Also beginning in March, 2020, Goldman employed a different vendor to leverage their software to replicate a “hard-wired trading turret” (a specialized tool used to facilitate trading) digitally. Several months later, in May, 2020, Goldman discovered an issue with the software where the system failed to record audio for some calls, once again leaving the firm unable to properly record and retain thousands of calls and records. These two failures resulted in the CFTC charges and a penalty of $5.5 million.
Stuck on repeat
The CFTC action against Goldman Sachs highlights that not only did the recordkeeping failures in 2020 break regulations by themselves, the incidences also broke a previous cease and desist order issued in 2019 for – you guessed it – recordkeeping failures.
In that case it was found that Goldman “failed to record the phone lines of a trading and sales desk for 20 calendar days in January and February 2014”, due to a malfunction in recording hardware after a software update. Goldman only noticed the issue three weeks later when checking an unrelated system. In his summary of the case, then-Enforcement Director James McDonald stated:
“Registrants must comply with the Commission’s recordkeeping requirements … When they do not, we are committed to holding them accountable. This action reinforces the critical importance of recordkeeping requirements to the CFTC’s enforcement mission.”
The 2019 ruling, which resulted in a civil penalty of $1 million, included a cease and desist term that Goldman fell foul of with its infractions in 2020. With the initial recordkeeping failures taking place in 2014, it raises questions around why the firm has seemed unable to learn from it mistakes 6 years on. Ian McGinley, current CFTC Director of Enforcement, referenced Goldman’s breach of the previous cease and desist order in his comment on the most recent case, also explaining that the higher penalty was a direct result of the repeated failures:
“As this case demonstrates, the CFTC will continuously pursue swap dealers that fail to meet their recording obligations and there will be consequences for violating CFTC orders, including increased penalties. We are committed to holding swap dealers accountable when they fail to comply with their regulatory obligations and fail to abide by obligations imposed by prior CFTC orders.”
(Record)keeping it under control
The regulatory agenda around recordkeeping has been clearly set out by these cases, as well as several other recent high profile actions, such as J.P. Morgan’s deletion of 47 million communications. The SEC summary of that case states:
“Because the deleted records are unrecoverable, it is unknown – and unknowable – how the lost records may have affected the regulatory investigations.”

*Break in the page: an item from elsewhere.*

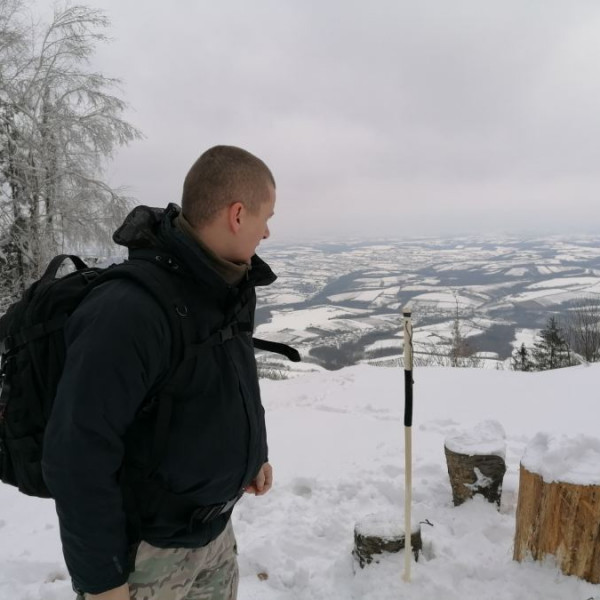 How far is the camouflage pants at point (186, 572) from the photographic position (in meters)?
1.50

This is the heart of why good, compliant recordkeeping practice is so vital – regulators can’t regulate what they can’t see, and firms depriving them of records (purposefully or accidentally) limits the ability of regulators to do their jobs effectively. While even the regulators themselves don’t always get it right, with the tone becoming one of ‘zero-tolerance’ around non-compliance and the culture enabling it, firms need to ensure their recordkeeping is by the book.